Search code examples
c++randomthread-safetyopenmpgsl

GSL+OMP: Thread safe random number generators in C++


I have a code in which I am trying to execute in parallel.

#include<iostream>
#include<omp.h>
#include<math.h>
#include<cstdlib>
#include<iterator>
#include<string.h>
#include<vector>
#include<map>
#include<time.h>
#include<gsl/gsl_rng.h>
#include<gsl/gsl_randist.h>

gsl_rng ** threadvec = new gsl_rng*[omp_get_num_threads()];
using namespace std;

int main(){
   clock_t begin = omp_get_wtime();
   vector<double> PopVals;
   map<int, vector<double> > BigMap;
   int Num1 = 100; 
   double randval;
   int Num2 = 10; 
   #pragma omp parallel
   {
       gsl_rng_env_setup();     
       for (int b = 0; b < omp_get_num_threads(); b++)
           threadvec[b] = gsl_rng_alloc(gsl_rng_taus);  
   }
   for( int i = 0; i < Num1; i++){
       PopVals.resize(Num2);
       #pragma omp parallel for
          for( int j = 0; j < Num2; j++){   
              randval = gsl_rng_uniform(threadvec[omp_get_thread_num()]);   
              PopVals[j] = randval; 
          }
       BigMap.insert(make_pair(i,PopVals));
       PopVals.clear();
   }

map<int,vector<double> >::iterator it = BigMap.find(Num1-1);
vector<double> OutVals = it->second; 

for (int i = 0; i < Num2; i++)
    cout << endl << OutVals[i] << endl; 

for (int b = 0; b < omp_get_num_threads(); b++)
        gsl_rng_free(threadvec[b]);

clock_t end = omp_get_wtime(); 
double elapsed_time = double(end - begin);
cout << endl << "Time taken to run: " << elapsed_time <<  " secs" << endl;
}

When I run this, there are 8 threads executing the nested loop in parallel, but I keep seeing the same random number for each thread. I attributed this behavior to lack of setting the seed, for each iteration. It would be great if somebody can point out, how can i generate unique random numbers in each iteration of the loop in a thread safe way.

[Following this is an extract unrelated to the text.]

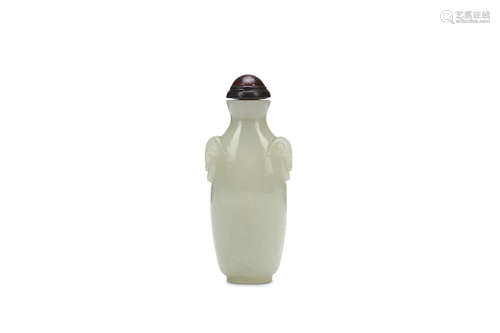 A CHINESE WHITE JADE SNUFF BOTTLE. Qing Dynasty. Stopper. 7.7cm H. 清   白玉雕鼻煙壺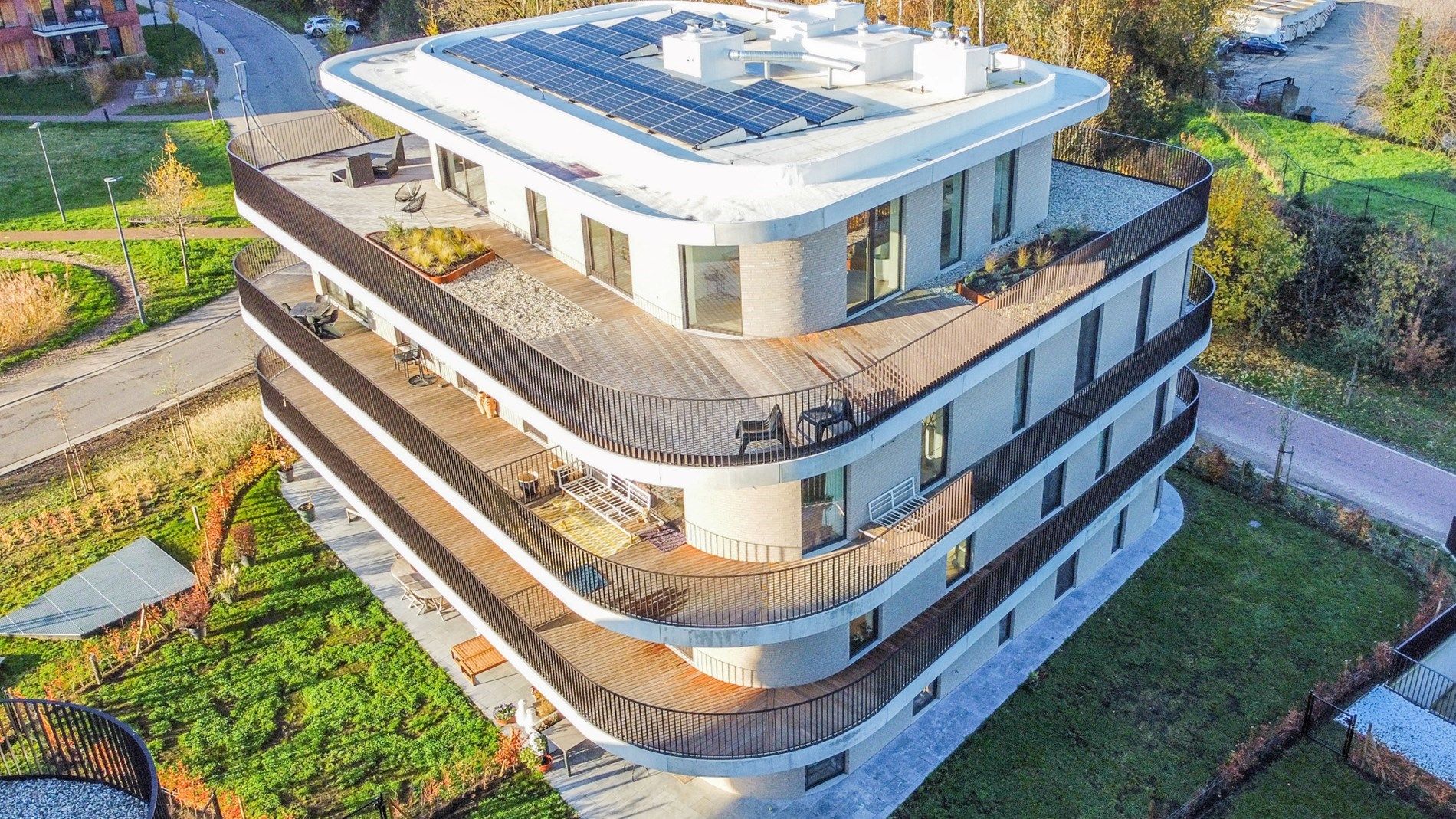 Nieuwbouw, luxueuze penthouse met buitenruimte van 220m²! foto {{pictureIndex}}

The output of the above code is 0.793816, 10 times. Whereas, I want unique numbers for each of the values in the inner loop.

Thanks.


Solution

  • There are multiple issues here.

    Using omp_get_num_threads out of parallel regions

    Outside of a parallel region, omp_get_num_threads() always returns 1. Use omp_get_max_threads() instead, it will return the number of threads for any upcoming parallel region unless manually overridden. Especially threadvec has only one entry.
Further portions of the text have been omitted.